One of my guiding principles for DWikiText is that it has to look attractive and natural in raw text; this is clearly not happening with either example. My first idea is 'processing notes', in a form stolen from *roff:
.pn no _ sub -> {{C:rarr}}atkbd_connect -> atkbd_activate -> i8042_interrupt -> ...
I'm not sure that I like this format for processing notes (or even the name), plus it doesn't really improve writing x86_64 once or twice in an entry, plus it turns out to have some unaesthetic consequences; the only good way to do the text substitutions right now makes them affect things like URLs (which are in the text but not actually text).
2007-02-13
On Python's grammar
Python's grammar looks imposingly complex from the outside, but the more I've thought about it the more I've realized that it's simple but clever. In particular, the way the work is split between the tokenizer and the actual grammar simplifies both.
(Technically you could claim that Python's grammar is straightforward because the tokenizer takes care of all the hard bits, but I consider this ducking the issue.)
The actual grammar is typical for an Algol-style language. You have the big set of rules for expressions, and the big shunting yards of the basic and compound statements, and that's mostly it.
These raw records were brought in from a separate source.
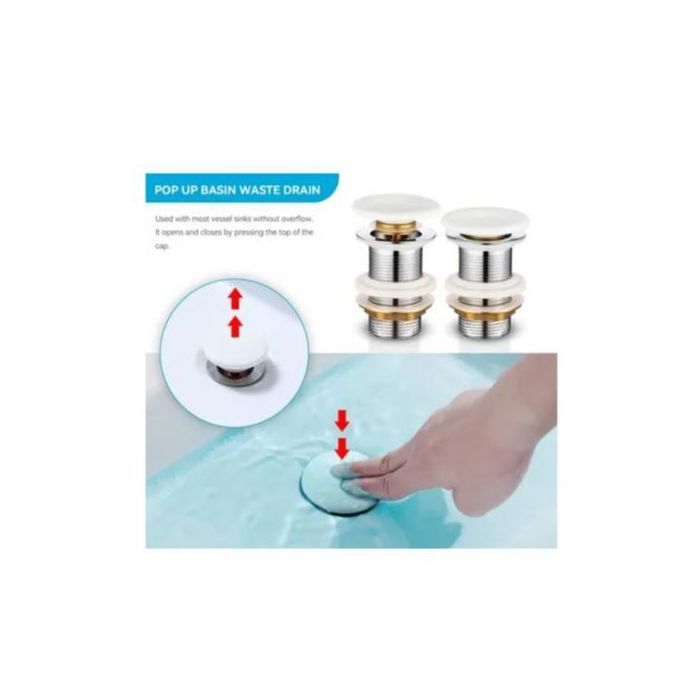 Siphon lavabo poussoir Vidange lavabo avec Bonde poussoir pour lavabo  et  vasque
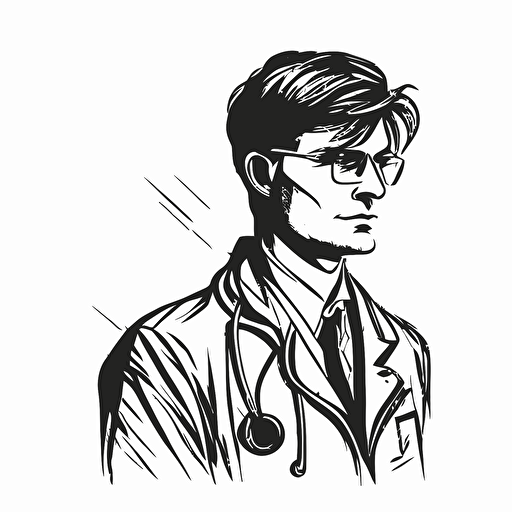a simple sketch of a young medical doctor on white background, logo, vector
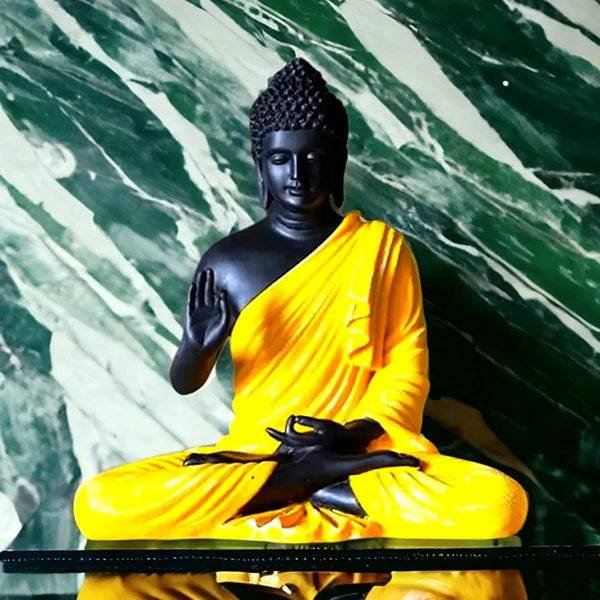 SwarnHouse Decors® Beautiful Sitting Buddha Idol Statue for Home & Garden – 15 Inch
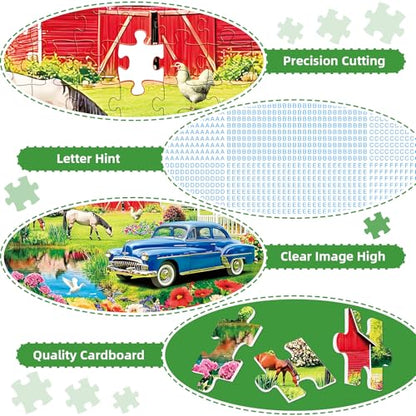 Puzzles for Adults 500 Pieces,Farm Horse Puzzle for Adult,Flowers Rooster Barn Truck Themed Jigsaw Puzzle,Country Life Puzzle for Seniors,Puzzles for Family Game Nights, 20.5x15 in - style: 500P Farm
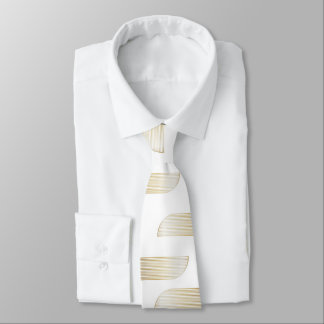 Corbata de hombre geométrica de lujo blanca y dora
Python gains some simplicity because you can pretty much define anything anywhere (you can embed a class definition in the middle of a function defined inside a function inside a class definition, if you really want to), so it doesn't have to put ordering and placement constraints into the grammar.
(Python also cleverly sets up the grammar so that indentation only shows
up in one rule, 'suite', the generic definition of a block of statements
such as the body of a while or a class definition.)
The tokenizer too is pretty normal, although this is harder to see since it's hand-coded and thus there is no simple to read set of production rules, just the rather dry lexical structure description (very few people read language descriptions for fun, whereas you can actually skim a flex input file and get a sense of anything unusual going on). It does have to track the indentation level to generate synthetic INDENT and DEDENT tokens when it changes, and do implicit line joining, but neither are too complicated.
I am not sure that I would have come up with this split to start with, if I was designing a similar language where indentation was significant, and pretty much all of the other designs I can think of would be more complicated to implement.